ステンレスメッシュホース
二輪車のブレーキタッチの改善に絶大な効果があるのが、ブレーキラインのステンレスメッシュホース化だ。タッチというと、強く握り込んだ時のスポンジーな感覚だ。これは、一定以上の圧力を受けた時のブレーキホースの膨張による影響であり、これを改善するのに有効なのが、ホースの耐圧変化を抑えるメッシュホースへの交換である。
ノーマル車両は基本的にゴムホースを使っているが、これは柔軟性に富んでおり、フィッティング部の破損リスクも少なく、変形疲労によるホース破断のリスクも少ないためだ。更に、新しい内はホースの強度も十分でブレーキタッチ自体も、割と良好だったりするのだが、経時変化によるゴム劣化に伴うブレーキタッチの悪化は避けられない。
そんなブレーキタッチの改善に有効なステンレスメッシュホース化だけど、留意すべき点が何点かある。それは、ステンレスメッシュホース化に伴うリスク軽減への配慮である。
一般に純正ブレーキラインは、マスターシリンダーから三つ又下の分岐ジョイント迄は一本のラインで接続され、分岐ジョイントから左右キャリパー迄が各々接続されている。
マスターシリンダーから三つ又下迄はサスペンションストロークは影響しないので最短接続されており、三つ又下からキャリパー迄がサスペンションストロークとゴムホースの柔軟性を考慮した上での長さが与えられている。
これを、ステンレスメッシュホースに置き換える場合、ステンレスメッシュホースは本質的にゴムホース程の柔軟性は有していないので、サスペンションストロークに伴うホースの曲がり量は少なくするように配慮すべきである。つまり、サスペンションストロークに伴う長さの変化率が小さくなるように、ホースの固定距離を長くするのが常道であり、マスターシリンダーからキャリパー迄ダイレクトに接続するのが望ましい。長い距離でストローク変化量を緩やかに吸収させるために、ラインの取り回しの純正の固定部と同じラインは通らないのが理想である。緩やかに大きな弧を描き、ホースの局部に曲がりが生じないような配慮が必要である。
この配慮を怠ると、フィッティングの付け根に疲労が集中する等して、メッシュステンレスワイヤーの破断、ホースの破断を招きかねないのである。実際、ステンレスメッシュホース化した車両でホース破断の事故を呈する事も少なく無いのである。制動時に急に圧が抜けて制動を失うと非常に恐ろしい事になる。
この度、ステンレスメッシュホース化したCXでは、純正ラインでのホース長80cmに対して、ステンレスメッシュホースの長さは、右キャリパーが100cm、左キャリパーが105cmとかなり長めにしているが、ホースの取り回しをマスターシリンダーからメーター前方、ヘッドライトケース裏を経由して極力大きな曲がりでキャリパーに接続した結果、見た目にホースが余って長すぎるような状態にはならない。

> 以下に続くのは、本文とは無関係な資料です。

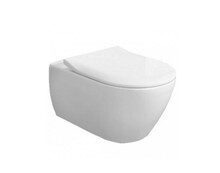Riputatav WC-pott Villeroy & Boch Subway 2 Direct Flush 5614R2R1, slim Soft Close kaanega, CeramicPlus kattega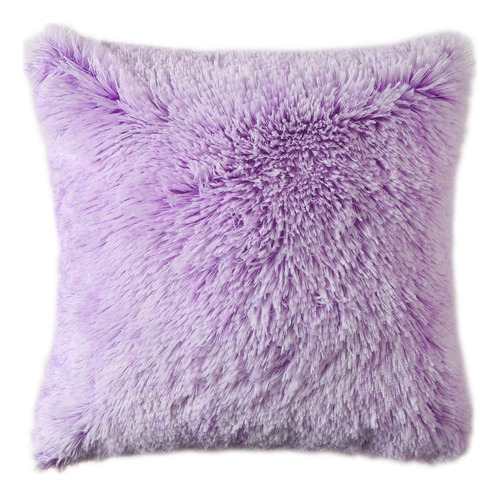 Decobird Funda De Almohada De 18 X 18 Pulgadas, Extra Suave.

ホースは極力干渉を避けてサスペンションストロークの際に何処かと干渉するような事が無いように取り回している。
更に、フィッティング類はアルミ製よりもスチール製がお奨めだ。アルミ製の場合、締結不足による抜けや、締結過剰による割れが生じるリスクがあるためだ。更に、バンジョーボルトについては、アルミ、ステンレス、チタン等が選べるが、高熱になりやすいキャリパー側については純正スチールが理想。ステンレスボルト等では場合によっては膨張係数差によってネジ部にダメージを与えかねないからだ。マスターシリンダー側については、好みで選んで良いと思われる。なお、パッキンに用いるクラッシュワッシャについてはアルミとブロンズがあるけど、ブロンズがお奨めである。
なお、忘れがちであるが、ステンレスメッシュホースのアウターにはメッシュホースへのダメージ防止、それから、メッシュホースの擦れによる車体へのダメージ防止のために、なんらかのアウターカバーが必要。メッシュホース自体にナイロンコーティングしたものもあるけど、無い場合は、スパイラルチューブを用いてカバーを施す事が大事。カバーを施す事で、見た目的にステンレスメッシュホース化した雰囲気が失われるかも知れないが、安全第一で考えれば重要な処置だ。ガンマでは半透明のスパイラルチューブを巻いているが、CXではノーマル然とさせるために黒色のスパイラルチューブを巻いている。
ブレーキラインの変更は前後輪共に実施する人が多いけど、自分の場合、後輪は純正ホースを利用している。理由は、ステンレスメッシュホースの場合、注意していても万が一のトラブルで抜け、割れが発生する事も考えられる。その場合、後輪だけでも制動力が失われないように急激な破損に到らない純正ゴムホースを用いる事で安全を確保している。